WORK ITEM:
Answer with one number only, the count of lines in the material below that hold "Travel".

SOURCE INFORMATION:
..........

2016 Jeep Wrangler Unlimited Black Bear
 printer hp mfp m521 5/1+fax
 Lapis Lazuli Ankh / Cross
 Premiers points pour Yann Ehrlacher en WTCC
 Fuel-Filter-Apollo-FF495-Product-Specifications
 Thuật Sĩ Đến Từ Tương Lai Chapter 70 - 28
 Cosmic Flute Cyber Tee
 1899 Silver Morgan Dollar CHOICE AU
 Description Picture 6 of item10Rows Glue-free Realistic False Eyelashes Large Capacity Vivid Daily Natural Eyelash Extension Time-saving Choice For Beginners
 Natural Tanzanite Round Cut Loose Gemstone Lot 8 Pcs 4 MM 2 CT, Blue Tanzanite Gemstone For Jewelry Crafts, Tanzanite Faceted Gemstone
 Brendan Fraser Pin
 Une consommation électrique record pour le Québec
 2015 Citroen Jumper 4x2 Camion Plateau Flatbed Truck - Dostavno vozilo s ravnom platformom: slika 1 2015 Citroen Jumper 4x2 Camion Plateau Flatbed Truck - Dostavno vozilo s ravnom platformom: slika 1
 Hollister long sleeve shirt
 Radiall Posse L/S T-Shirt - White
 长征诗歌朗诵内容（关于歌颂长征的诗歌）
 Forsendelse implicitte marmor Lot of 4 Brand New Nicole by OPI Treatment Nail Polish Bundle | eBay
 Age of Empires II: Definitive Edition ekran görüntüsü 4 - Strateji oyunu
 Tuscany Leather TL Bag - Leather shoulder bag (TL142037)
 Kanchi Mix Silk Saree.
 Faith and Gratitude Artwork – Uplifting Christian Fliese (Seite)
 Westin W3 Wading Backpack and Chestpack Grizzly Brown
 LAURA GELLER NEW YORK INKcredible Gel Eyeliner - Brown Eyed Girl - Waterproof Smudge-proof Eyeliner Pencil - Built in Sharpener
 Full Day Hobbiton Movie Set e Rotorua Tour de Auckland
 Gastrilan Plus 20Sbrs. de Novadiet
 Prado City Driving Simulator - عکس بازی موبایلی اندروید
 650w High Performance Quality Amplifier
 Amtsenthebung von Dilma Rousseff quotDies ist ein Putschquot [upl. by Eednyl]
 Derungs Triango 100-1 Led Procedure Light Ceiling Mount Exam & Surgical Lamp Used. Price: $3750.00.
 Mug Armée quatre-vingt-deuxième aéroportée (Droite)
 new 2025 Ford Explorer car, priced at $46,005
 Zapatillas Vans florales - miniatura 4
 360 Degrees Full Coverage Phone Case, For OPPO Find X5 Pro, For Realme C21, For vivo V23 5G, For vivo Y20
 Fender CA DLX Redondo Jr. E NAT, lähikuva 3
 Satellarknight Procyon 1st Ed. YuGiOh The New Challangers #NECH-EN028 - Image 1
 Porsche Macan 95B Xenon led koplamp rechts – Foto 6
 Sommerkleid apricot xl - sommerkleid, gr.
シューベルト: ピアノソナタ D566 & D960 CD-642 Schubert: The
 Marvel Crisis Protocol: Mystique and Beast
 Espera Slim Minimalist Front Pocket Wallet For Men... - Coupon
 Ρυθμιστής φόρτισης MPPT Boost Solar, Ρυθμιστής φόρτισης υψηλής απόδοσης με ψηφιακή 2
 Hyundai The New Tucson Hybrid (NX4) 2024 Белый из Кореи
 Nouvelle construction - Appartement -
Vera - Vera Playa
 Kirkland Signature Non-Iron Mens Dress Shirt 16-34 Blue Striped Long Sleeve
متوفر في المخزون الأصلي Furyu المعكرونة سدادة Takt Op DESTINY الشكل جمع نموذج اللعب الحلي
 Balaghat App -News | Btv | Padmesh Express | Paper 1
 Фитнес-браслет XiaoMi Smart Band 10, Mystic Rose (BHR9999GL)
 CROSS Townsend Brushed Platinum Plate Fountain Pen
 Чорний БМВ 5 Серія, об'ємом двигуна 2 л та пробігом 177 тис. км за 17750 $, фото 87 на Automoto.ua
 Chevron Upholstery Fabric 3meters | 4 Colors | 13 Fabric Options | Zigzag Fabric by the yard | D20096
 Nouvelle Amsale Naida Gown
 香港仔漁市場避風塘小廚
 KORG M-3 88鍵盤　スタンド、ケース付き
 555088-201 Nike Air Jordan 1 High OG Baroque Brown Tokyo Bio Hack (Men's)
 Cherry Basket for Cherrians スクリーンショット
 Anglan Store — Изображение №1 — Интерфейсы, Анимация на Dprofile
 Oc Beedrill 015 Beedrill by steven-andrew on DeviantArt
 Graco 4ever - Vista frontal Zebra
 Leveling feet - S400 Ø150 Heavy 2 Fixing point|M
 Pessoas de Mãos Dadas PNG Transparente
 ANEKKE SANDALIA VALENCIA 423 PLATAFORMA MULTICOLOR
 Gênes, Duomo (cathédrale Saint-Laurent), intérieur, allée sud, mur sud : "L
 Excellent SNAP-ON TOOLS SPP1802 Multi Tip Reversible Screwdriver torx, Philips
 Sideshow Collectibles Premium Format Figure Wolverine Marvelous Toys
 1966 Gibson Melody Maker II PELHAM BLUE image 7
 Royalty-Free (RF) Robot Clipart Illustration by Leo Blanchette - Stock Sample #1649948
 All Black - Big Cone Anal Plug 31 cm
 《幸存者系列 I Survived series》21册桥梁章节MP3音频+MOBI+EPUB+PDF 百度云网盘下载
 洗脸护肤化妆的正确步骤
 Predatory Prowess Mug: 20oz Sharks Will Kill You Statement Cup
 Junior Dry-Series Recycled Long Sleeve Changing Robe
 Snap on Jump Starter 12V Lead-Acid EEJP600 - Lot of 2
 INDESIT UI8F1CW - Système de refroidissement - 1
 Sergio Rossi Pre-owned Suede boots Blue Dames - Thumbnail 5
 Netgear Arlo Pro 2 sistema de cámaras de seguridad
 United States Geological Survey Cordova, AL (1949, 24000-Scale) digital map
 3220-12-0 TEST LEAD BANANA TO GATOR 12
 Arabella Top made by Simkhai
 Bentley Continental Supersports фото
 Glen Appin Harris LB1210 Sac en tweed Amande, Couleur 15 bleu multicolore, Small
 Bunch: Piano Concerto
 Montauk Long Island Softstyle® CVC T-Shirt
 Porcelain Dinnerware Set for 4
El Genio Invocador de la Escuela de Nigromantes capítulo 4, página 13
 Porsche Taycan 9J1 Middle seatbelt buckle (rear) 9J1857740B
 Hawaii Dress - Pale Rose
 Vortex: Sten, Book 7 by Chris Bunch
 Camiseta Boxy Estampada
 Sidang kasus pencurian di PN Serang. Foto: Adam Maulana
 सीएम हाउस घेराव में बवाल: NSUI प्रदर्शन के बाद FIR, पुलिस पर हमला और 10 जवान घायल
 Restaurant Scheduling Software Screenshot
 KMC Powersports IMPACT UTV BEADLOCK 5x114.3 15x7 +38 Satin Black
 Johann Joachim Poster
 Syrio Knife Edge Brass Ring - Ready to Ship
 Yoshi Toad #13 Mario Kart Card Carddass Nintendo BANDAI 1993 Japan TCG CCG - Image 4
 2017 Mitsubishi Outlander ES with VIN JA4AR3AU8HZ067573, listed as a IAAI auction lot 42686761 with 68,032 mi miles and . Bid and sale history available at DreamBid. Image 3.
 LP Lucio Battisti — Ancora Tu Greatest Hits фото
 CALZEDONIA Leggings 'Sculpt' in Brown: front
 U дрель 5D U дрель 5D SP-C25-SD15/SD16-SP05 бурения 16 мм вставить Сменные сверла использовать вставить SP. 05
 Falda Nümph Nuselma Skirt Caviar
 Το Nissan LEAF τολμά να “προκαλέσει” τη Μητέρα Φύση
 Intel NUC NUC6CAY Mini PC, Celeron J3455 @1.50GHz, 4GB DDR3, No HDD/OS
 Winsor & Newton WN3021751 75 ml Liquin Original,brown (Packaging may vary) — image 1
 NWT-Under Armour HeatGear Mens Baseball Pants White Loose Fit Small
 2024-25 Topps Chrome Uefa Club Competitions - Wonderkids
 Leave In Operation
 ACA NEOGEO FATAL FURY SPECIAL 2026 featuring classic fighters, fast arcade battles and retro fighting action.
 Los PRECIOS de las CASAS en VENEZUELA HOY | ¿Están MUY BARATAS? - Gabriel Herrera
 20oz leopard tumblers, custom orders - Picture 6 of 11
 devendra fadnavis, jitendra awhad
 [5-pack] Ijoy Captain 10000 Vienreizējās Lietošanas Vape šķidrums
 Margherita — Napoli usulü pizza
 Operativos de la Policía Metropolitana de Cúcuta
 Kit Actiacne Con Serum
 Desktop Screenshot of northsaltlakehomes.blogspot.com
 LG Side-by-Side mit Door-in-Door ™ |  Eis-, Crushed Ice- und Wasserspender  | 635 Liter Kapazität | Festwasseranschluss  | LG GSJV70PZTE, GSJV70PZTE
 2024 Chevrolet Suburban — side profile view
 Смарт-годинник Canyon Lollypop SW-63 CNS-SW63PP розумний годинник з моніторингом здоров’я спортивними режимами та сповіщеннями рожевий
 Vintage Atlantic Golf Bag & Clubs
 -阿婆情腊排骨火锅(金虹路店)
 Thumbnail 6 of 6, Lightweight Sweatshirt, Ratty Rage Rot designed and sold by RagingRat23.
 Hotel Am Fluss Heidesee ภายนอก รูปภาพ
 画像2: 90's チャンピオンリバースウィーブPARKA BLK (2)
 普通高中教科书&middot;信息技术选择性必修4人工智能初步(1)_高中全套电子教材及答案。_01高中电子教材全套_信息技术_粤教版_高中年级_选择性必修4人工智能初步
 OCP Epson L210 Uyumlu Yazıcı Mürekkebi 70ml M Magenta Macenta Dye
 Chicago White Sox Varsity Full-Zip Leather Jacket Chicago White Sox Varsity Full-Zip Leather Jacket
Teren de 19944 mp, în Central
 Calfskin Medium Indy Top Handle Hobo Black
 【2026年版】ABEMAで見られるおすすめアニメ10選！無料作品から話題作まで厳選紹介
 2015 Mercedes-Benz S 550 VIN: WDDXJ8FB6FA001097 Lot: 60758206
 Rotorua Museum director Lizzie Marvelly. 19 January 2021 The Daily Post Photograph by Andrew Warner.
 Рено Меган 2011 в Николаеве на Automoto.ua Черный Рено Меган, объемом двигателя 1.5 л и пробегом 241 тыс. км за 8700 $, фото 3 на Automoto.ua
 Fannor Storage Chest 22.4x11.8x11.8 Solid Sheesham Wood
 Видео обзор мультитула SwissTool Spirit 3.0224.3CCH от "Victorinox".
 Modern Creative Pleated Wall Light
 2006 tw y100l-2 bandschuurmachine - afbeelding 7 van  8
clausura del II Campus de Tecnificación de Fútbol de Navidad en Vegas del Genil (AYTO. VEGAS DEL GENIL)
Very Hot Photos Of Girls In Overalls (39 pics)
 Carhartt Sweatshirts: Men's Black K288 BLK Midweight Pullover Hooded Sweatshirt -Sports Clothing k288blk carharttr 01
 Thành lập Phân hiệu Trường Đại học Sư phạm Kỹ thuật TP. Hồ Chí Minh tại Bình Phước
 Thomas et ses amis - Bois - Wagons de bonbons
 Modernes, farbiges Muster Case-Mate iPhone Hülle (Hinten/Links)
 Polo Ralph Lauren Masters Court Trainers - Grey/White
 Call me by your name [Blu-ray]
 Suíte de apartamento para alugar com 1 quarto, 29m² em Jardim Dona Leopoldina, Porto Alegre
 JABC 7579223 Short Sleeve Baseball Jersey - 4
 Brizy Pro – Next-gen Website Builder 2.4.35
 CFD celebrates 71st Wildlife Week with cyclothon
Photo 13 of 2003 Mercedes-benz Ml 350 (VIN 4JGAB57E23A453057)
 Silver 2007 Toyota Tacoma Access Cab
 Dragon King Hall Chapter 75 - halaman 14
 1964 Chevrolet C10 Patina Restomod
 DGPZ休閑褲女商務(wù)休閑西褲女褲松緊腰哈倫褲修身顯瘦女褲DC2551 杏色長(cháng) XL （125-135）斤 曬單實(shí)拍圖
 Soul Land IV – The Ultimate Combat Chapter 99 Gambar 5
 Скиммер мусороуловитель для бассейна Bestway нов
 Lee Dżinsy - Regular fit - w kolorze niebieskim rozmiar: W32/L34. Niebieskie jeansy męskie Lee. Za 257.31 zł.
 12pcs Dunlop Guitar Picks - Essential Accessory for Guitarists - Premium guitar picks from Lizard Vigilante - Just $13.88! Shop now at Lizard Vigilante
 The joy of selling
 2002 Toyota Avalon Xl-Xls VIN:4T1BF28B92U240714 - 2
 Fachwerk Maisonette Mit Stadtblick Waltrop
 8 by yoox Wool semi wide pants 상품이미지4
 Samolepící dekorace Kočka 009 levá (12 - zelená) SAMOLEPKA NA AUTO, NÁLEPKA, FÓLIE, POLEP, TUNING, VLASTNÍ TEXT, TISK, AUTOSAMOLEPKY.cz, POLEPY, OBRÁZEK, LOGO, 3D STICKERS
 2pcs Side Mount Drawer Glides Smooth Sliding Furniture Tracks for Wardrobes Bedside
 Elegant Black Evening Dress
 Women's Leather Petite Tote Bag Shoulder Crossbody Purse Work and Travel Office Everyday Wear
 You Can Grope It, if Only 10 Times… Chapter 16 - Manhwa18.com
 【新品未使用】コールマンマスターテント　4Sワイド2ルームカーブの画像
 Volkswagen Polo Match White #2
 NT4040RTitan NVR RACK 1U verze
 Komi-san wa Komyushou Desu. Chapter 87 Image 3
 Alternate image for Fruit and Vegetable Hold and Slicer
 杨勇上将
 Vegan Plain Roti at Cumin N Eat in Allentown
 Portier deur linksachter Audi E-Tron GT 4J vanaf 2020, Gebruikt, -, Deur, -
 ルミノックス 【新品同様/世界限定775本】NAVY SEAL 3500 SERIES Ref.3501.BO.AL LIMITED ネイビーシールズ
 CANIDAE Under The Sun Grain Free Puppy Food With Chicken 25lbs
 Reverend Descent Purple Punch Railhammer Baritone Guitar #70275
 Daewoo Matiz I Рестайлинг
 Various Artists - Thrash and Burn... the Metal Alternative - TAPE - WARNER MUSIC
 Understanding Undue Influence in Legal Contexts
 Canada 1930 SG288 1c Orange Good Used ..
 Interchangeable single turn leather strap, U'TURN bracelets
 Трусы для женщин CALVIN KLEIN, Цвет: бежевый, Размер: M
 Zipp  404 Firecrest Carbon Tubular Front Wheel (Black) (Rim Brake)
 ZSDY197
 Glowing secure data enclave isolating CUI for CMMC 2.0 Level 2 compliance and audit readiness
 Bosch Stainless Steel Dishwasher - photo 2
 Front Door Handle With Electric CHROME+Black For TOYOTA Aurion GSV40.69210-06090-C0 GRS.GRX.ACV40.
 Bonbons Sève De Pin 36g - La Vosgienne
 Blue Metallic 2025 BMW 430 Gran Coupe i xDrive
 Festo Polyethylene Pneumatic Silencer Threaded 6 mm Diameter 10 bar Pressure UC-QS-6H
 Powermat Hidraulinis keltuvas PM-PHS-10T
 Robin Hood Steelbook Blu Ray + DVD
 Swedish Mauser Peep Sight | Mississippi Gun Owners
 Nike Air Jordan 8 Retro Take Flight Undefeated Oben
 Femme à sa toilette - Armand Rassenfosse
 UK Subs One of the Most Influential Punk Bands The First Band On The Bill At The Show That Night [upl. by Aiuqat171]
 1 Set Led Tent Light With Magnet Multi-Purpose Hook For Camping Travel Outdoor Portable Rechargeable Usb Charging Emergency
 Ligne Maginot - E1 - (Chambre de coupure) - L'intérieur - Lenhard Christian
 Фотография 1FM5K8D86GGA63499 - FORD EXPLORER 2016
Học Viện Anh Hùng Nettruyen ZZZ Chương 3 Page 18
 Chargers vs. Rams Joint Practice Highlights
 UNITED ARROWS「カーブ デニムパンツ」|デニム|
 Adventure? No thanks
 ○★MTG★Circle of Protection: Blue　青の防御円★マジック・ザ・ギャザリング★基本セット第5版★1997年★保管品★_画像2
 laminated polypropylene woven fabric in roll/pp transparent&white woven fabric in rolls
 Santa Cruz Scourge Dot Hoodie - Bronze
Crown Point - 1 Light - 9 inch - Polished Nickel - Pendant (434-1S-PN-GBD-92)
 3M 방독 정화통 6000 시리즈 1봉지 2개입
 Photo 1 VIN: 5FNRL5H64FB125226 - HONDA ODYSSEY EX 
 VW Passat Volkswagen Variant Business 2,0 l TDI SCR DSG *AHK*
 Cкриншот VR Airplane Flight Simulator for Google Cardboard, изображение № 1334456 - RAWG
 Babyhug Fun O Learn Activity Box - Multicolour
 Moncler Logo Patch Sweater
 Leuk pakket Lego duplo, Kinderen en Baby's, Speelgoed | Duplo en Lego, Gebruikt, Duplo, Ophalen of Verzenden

..........

EXPECTED ANSWER:
2